“What were you expecting? Praise?”
We had awesome drawings, we even made a little movie that spelled out our idea in the most efficient way possible. But the guy with the money was right. We had nothing. I used to say that “the best argument is code,” but walking out of that meeting room, it felt more like “the only argument is code”. Just one problem. Like a real estate agent that hates bricks, I hated code.
And then it all happened again about a year ago. That’s when I decided to like code, and move from copying and pasting Javascript to writing native apps.
Hacking myself first
Knowing I might be able sell my ideas was not enough, I had to sell the idea of coding — to myself. Simple old-fashioned brainwashing.
“Wow, someone came up with all this!” Man, I’m glad it wasn’t me. But also, man, they really put thought into this. How could human beings even come up with this? Every programming language, mobile app framework, even the editor, is 30 years of compressed computer history. Typing modern code is like walking through a computer history museum, only in this one you get real software when you exit through the gift store.
“I hope I get stuck soon.” I would usually just walk away. This time, I dragged myself back behind the keyboard, yelling that “if you get past this, you never have to get stuck here again. Do this 1,000 time and you’ll probably never be stuck again.”
“I can’t wait to see what code I will write tonight!” It became a habit. Most of the days between 10 and 11pm. But if I was working on the right project, this was automatic. Almost like following a tv show where you have to see what happens next.
Smashing neurons. The principle behind the knowledge collider is simple. To learn something, you fire two beams of knowledge along two pathways, one going clockwise, the other going counter clockwise. Simon Allardice on Lynda.com and Stack overflow.
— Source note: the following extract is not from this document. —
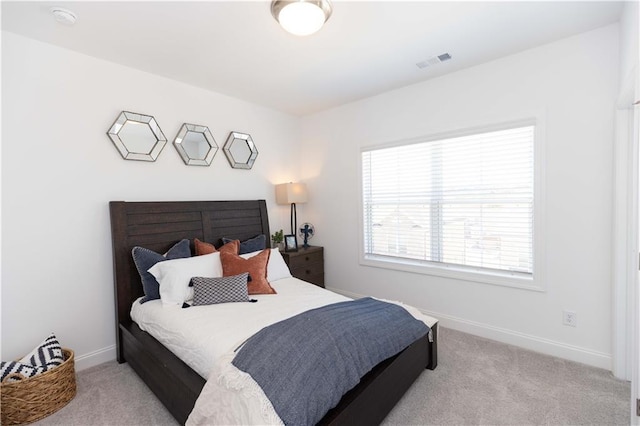 506 Healy Dr Unit 74, Cumming, GA 30040 - carpeted bedroom with baseboards
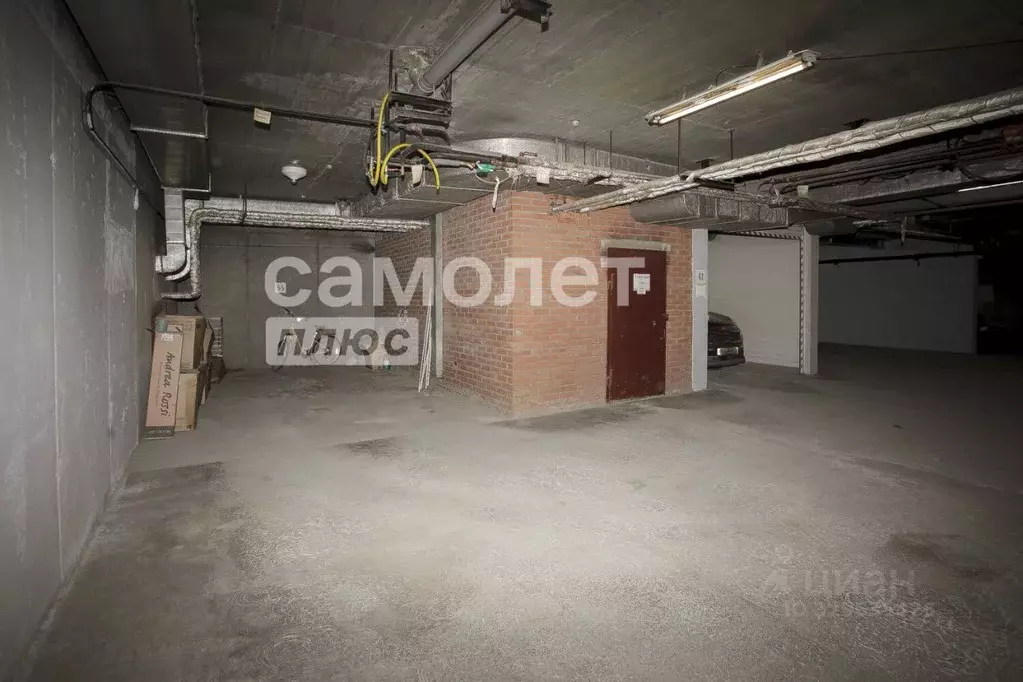 Гараж в Кемеровская область, Кемерово ул. Мичурина, 56 (23 м) - Фото 1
Safari Books and Paul Hegarty’s Stanford iPhone course. Nerd Ranch books and Nick, Roman and James.
Structured distraction. Getting stuck didn’t seem so bad if I listened to a podcast at the same time. I have no idea how this works in the brain, but typing code and listening to humans talking actually works. I am tuned out some of the time, but when distraction comes knocking, the podcast opens the door, and I can code in peace out in the back.
With the brainwashing in place it was time to write some code. And ship it too.
Shipping from day zero
My first project was a disposable voice recorder. It’s really just an aptly licensed GitHub project by a complete stranger. When I miraculously had made it do what I wanted it to do, and submitted it to the AppStore I had no idea what I was doing. A year later, I still use it to rehearse presentations and finding out if what I write makes any sense. I didn’t understand 80% of the code in the app I just shipped, but I made something useful, at least for me.
And then I started writing apps.
Tiny goals
I spent a few minutes of my daily hour thinking about a tiny goal. Make this button do that. Fix that bug. Polish the UI to look like this. I was surprised to see how quickly all those small details began adding up to something I could use right away. Daily goals became weekly releases.
But how do you decide on a tiny goal? Maybe by asking, “does this bring my app closer to a version that I could actually begin using?” It’s easy to spend hours sweating the wrong details, and maybe you find that that’s where you have the most fun. But for me, making it usable as fast as I could was a tremendous motivator. Even more so when I could pass it along to friends and coworkers.
Here’s a list of some of the apps I made last year.
Mobile screenshots

Every time I took a screenshot of an Android phone I got gradually more frustrated. So I made it a one-click operation. Ironically, tutorials for my app began appearing.
Animated GIFs

Creating animated GIFs is equally annoying. Could it be as simple as dragging and dropping? Even zero-interaction? Almost a thousand votes said “yes,” and sent it to the top of Product Hunt. The most flattering moment was not when a podcast host asked me how long I had had my GIF startup. Or when it got nominated for Product Hunt’s Mac app of the year award. It was when the dot com domain was squatted.
Share the beats

Music, however, is never annoying when your own friends are winding up the tunes. So Jacob and I made Twinjack, an app that listens to your Spotify, and pipes it straight onto the web. It got nominated for The Webby Awards. They still exist.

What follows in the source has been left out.